イギリスのメアリー・ハニーボール欧州議会議員は、「ミームは全く問題ない。この指令にミームやマッシュアップ(複数のコンテンツを組み合わせたもの)を止める意図はない」と話した。

「悲観的な意見が広がっているだけだと思う。インターネット上で正しく振る舞っている人は、何一つ心配しなくていい」

「大きな衝撃」

イギリスの楽曲著作権管理会社「PRS for Music」のロバート・アシュクロフト最高経営責任者(CEO)は、この指令はアーティストや消費者にとって「大きな前進」だと語った。

「これによって、一般人が動画や音楽をYouTubeなどのサイトにアップロードする際に、著作権について責任を負わなくて良くなる。その責任はプラットフォーム側に移されるのだから」

一方、無料でのコンテンツ共有を推奨している非営利団体(NPO)「Open Knowledge International(OKI)」は、新指令はインターネットにとって「大きな衝撃」だと述べた。

OKIを取りまとめているキャサリン・スティラー氏は、「デジタルの発展を利用して知識がより多くの人に力を与えるようなより開かれた世界を作るべき時に、私たちは閉じられた社会を作ってしまうリスクにさらされた」と警告している。

グーグルは、修正が施された現在の指令は改善されているとしてものの、なお「法的な不透明感がある」と指摘した。

グーグルは声明で、「詳細こそ重要だ。
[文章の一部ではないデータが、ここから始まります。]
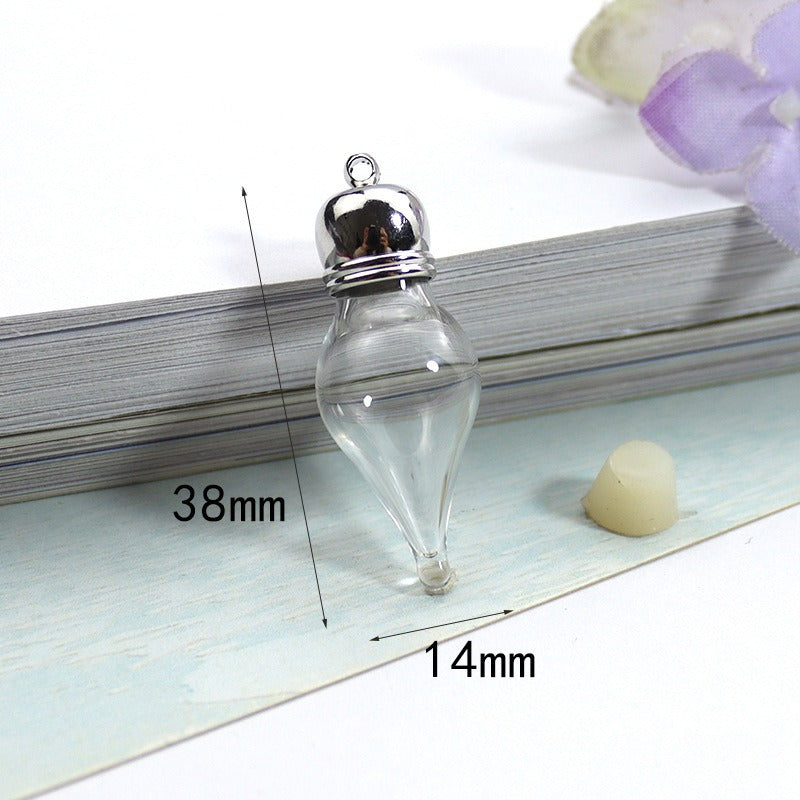 Drop Rice Cave Bottle Ing Glass Thread Fire Extinguisher Bottles Pendants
EU加盟国がこの新しいルールを適用する方向に向かう中、我々は政治家やパブリッシャー、アーティスト、著作権保持者と協力していきたい」としている。

英大手法律事務所リンクレイターズのキャシー・ベリー弁護士は、第13条が適用方法についてさらに詳細な情報が必要だと話す。

「第13条の目的は崇高なものかもしれないが、現在の形では単なる理想としてしか機能しない。具体的にどのようなプロバイダーが影響されるのか、法令順守にはどのような手段が必要なのか、そのガイダンスがほとんどない」

欧州議会のアクセル・フォス報告者は、この指令は市民の生計を守るものだと説明している。

「この指令は、少数の企業が何千人ものアーティストやジャーナリストの労働に依存しながら正当な報酬を払わず、企業だけが大きな利益を上げている状況を、是正するための重要な一歩だ」

「これによってインターネットを、力を持った少数だけでなく全員のためになる場所にして、未来に備えられるようになる」と、フォス氏は強調した。